### WHAT THIS TASK INVOLVES
Of the entries below, restate word for word only the section that runs from the line with "Jurgen - TV" to the line with "Bransoletka z serduszkiem", counting both ends.

### DATA TO EXAMINE

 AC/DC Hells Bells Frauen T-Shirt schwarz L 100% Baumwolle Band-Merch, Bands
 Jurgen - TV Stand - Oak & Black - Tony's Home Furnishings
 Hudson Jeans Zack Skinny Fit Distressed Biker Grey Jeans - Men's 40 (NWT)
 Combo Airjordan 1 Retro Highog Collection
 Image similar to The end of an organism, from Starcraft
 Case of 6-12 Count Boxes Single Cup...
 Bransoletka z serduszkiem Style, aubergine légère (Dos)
---
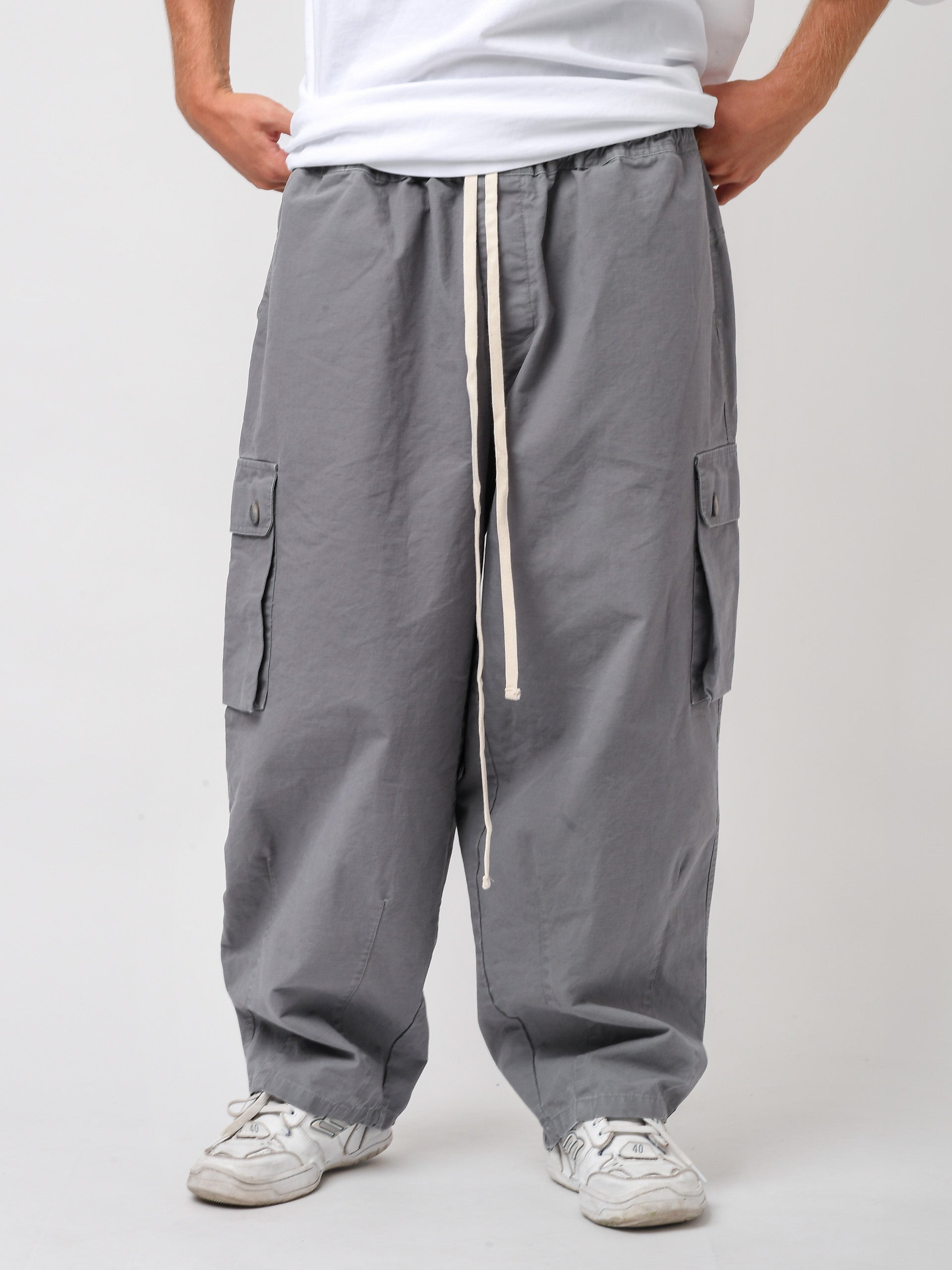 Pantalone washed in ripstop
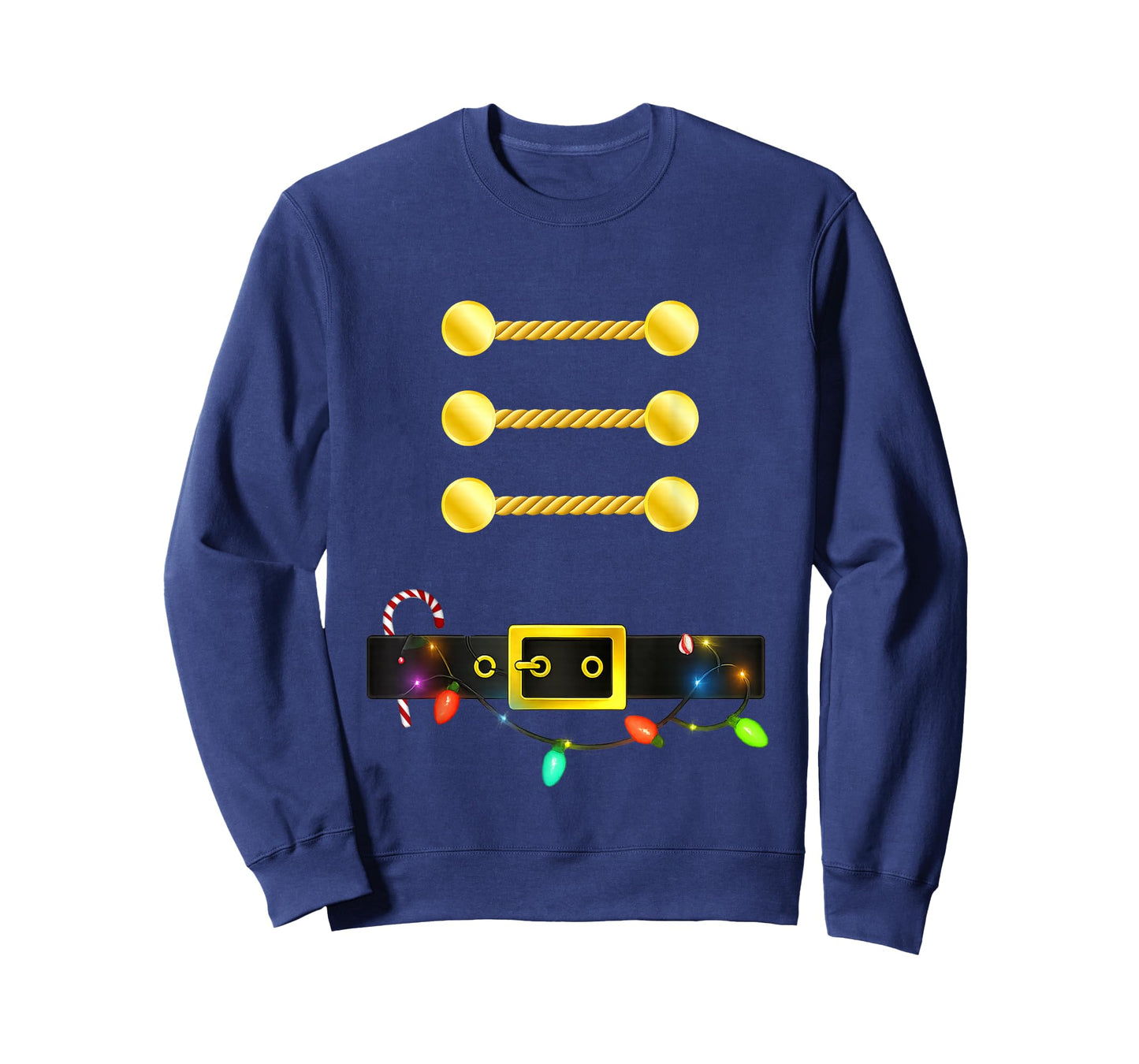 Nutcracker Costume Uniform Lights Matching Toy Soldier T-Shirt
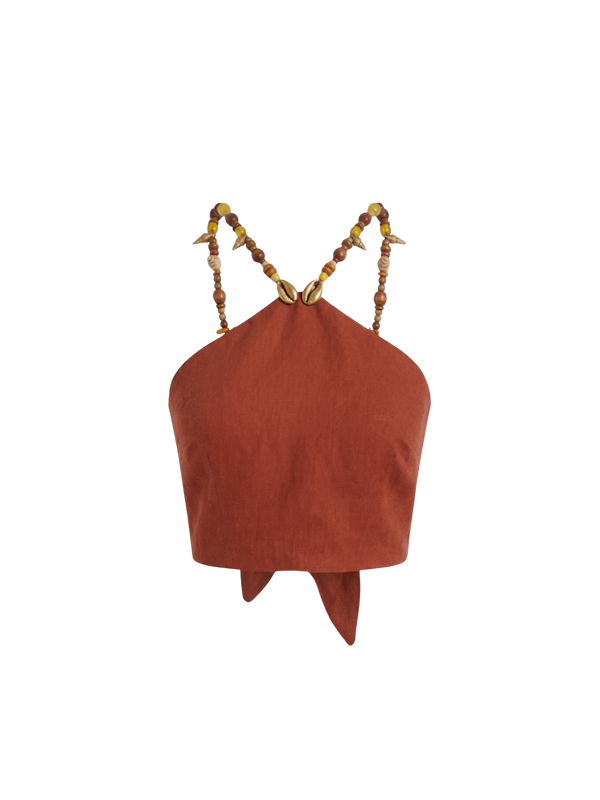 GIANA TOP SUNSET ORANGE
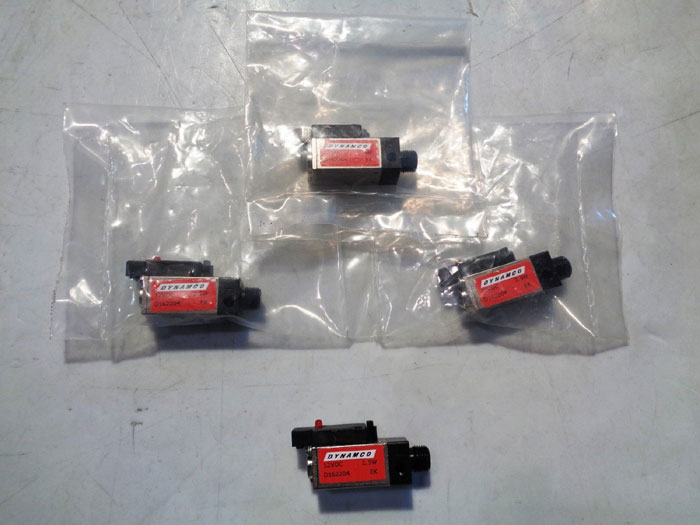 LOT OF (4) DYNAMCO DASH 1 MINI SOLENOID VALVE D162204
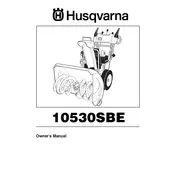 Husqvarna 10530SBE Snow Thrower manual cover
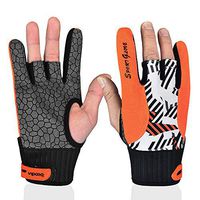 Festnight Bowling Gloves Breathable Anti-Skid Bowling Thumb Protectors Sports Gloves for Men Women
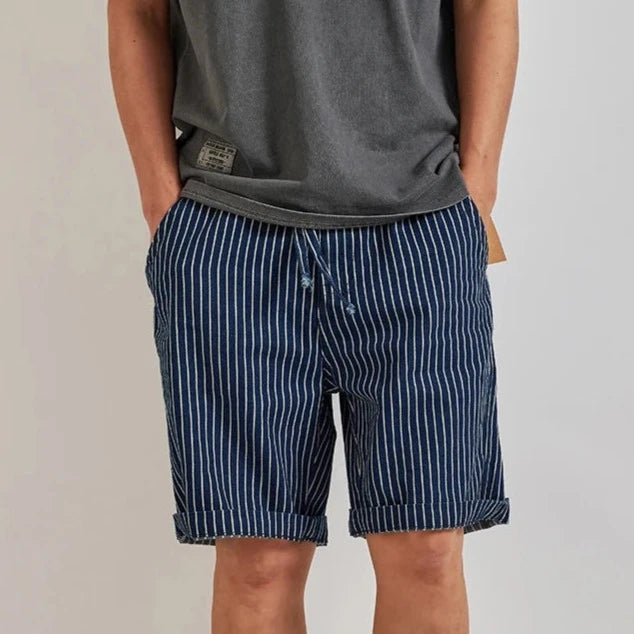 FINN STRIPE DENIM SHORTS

### YOUR RESPONSE
 Jurgen - TV Stand - Oak & Black - Tony's Home Furnishings
 Hudson Jeans Zack Skinny Fit Distressed Biker Grey Jeans - Men's 40 (NWT)
 Combo Airjordan 1 Retro Highog Collection
 Image similar to The end of an organism, from Starcraft
 Case of 6-12 Count Boxes Single Cup...
 Bransoletka z serduszkiem Style, aubergine légère (Dos)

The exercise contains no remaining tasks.